Enzymes are being used in most processes in industries such as textile, leather, beer brewing, and fruit juice extraction. The advantages of using enzymes in place of chemicals include safety, reduction in energy costs, and reduction in pollution. However the use of enzymes in Zimbabwe is limited due to the high cost of importing them. Interestingly, these enzymes are generally produced by many microorganisms such as fungi and bacteria, so if they are isolated, they may be of use in different industries. Thus, this study focused on isolation and activity determination of pectinases and amylases secreted by the fungi Aspergillus niger. A. niger was resuscitated on potato dextrose agar and then subcultured in medium specific for the production of each targeted enzyme. Cells were centrifuged and the filtrate was expected to contain the crude enzyme. Specific substrates were used for the determination of the isolated enzyme's activity. The enzyme activity was determined spectrophotometrically by reading absorbance of the product formed in the presence of an enzyme and its specific substrate.

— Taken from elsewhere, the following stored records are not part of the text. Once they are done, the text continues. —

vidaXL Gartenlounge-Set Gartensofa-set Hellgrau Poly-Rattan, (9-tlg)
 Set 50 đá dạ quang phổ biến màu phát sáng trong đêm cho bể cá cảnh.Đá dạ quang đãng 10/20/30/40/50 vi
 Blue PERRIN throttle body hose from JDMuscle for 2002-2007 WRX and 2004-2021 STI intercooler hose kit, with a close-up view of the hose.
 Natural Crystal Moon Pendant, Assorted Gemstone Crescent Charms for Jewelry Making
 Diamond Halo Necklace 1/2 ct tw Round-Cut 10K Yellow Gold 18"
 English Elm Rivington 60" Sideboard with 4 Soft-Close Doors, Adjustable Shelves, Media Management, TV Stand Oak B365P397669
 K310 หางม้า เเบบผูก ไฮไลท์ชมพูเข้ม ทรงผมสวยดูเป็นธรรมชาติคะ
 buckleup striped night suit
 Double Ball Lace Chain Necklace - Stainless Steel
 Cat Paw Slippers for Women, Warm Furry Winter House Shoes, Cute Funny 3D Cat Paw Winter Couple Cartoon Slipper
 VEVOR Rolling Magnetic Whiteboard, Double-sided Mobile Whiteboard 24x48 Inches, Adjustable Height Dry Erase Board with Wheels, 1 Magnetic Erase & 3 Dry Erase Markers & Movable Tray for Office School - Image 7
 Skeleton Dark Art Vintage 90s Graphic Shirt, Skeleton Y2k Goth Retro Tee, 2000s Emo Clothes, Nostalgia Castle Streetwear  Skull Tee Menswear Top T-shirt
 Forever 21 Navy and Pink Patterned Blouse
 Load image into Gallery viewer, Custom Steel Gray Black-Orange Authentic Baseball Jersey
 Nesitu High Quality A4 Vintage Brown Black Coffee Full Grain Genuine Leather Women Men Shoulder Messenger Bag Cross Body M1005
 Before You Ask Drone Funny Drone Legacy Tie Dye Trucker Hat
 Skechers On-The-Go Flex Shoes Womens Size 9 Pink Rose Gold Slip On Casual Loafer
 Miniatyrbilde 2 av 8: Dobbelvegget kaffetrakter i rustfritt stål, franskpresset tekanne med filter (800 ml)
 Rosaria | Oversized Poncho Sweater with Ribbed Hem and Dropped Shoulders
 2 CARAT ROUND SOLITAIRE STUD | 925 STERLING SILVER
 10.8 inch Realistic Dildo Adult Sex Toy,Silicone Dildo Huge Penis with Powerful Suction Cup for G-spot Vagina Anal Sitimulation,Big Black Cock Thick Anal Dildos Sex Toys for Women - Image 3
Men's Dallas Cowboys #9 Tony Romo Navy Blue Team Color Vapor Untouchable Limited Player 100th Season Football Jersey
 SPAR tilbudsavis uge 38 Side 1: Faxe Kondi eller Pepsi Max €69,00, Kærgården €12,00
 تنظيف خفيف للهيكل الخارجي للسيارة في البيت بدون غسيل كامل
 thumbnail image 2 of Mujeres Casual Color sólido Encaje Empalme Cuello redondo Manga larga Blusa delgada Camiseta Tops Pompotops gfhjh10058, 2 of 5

Further work on enzyme activity determination was done by varying temperature, enzyme concentration, and substrate concentration. Results showed that the isolated amylase and pectinase had activity of 3.22 nkat/ml and 1.043 U, respectively. Optimum temperatures for these enzymes were 37°C for pectinase and 45°C for amylase. Thus, isolation of pectinases and amylases was successful; however, there is a need to induce the production and purify these enzymes for industrial use.